Bon, la narration n’a pas été mon point fort mais j’ai déversé mon énergie dans l’écriture. J’ai écrit plus de quinze livres et plus de trois cents articles dont The Unknown Prophet: The Life and Times of William Ellis Foy (Review and Herald 1987 et 2023). Écrire a été ma façon de raconter des histoires, de conserver l’histoire et partager les connaissances. Cela a joué un important rôle dans le maintien de mon engagement intellectuel.
De plus, mon engagement dans l’enseignement pendant que j’étais président m’a permis de rester en lien avec les étudiants et les professeurs. Ainsi, j’ai veillé à ce que mon leadership soit nourri en restant en contact avec l’environnement éducatif. De nombreuses façons, mon écriture et mon enseignement sont devenus les fils narratifs qui ont été tissés à travers ma présidence et qui ont contribué aux aspects intellectuels et stratégiques de mon leadership.
BHS : Quels sont les programmes et initiatives particuliers qui ont favorisé le succès de votre présidence ?

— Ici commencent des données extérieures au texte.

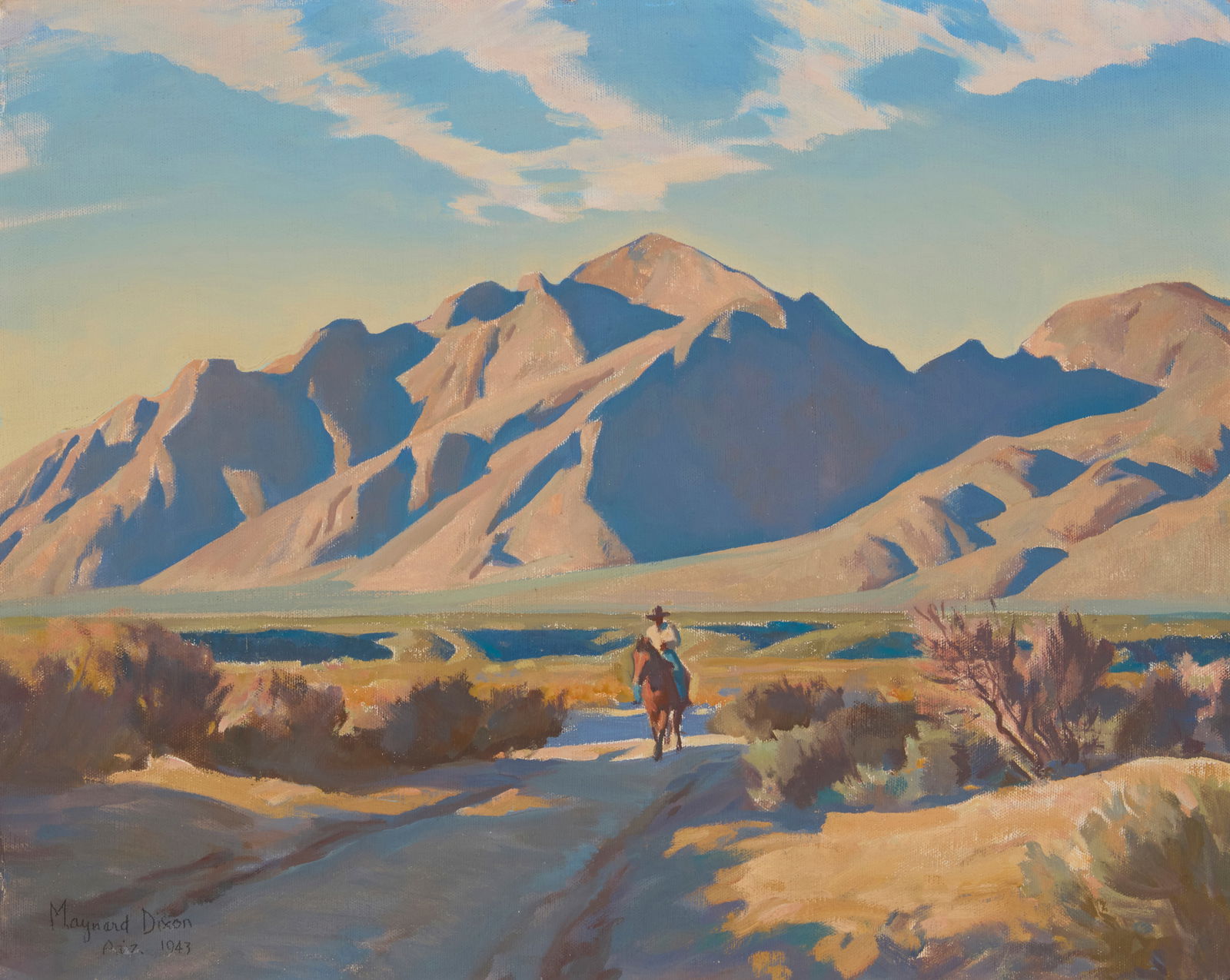 Maynard Dixon (1875-1946), "Road to the Mountains (Santa Catalina Range)," 1943: Maynard Dixon(1875-1946)"Road to the Mountains (Santa Catalina Range)," 1943Oil on canvas laid to artist's boardSigned, dated, and inscribed lower left: Maynard Dixon / Ariz. 1943; signed ag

DB : En plus du modèle DRIVE, je me suis concentré sur les éléments éducatifs essentiels qui sont : l’intégrité académique, le leadership au service des autres, la constitution d’une équipe, l’efficacité financière et l’intervention spirituelle. Il a été vital de prioriser l’intelligence émotionnelle (IE), la prise de décision stratégique et une communication claire avec les groupes universitaires. Ces éléments ont été le fondement de mon approche du leadership.
Mis à part ces éléments, j’ai pratiqué d’autres approches et techniques. L’une d’elle a été celle que j’ai nommé La pratique de Néhémie. Comme Néhémie quand il est arrivé à Jérusalem (Néhémie 2.12-16), où que j’arrive, je passais les premières semaines à prier, à observer et à évaluer l’environnement physique et spirituel. Cette phase d’analyse était cruciale pour m’ancrer et poser un fondement spirituel pour le travail à venir, positionner mon leadership afin qu’il soit proactif et réceptif aux besoins de l’institution et aux directives divines.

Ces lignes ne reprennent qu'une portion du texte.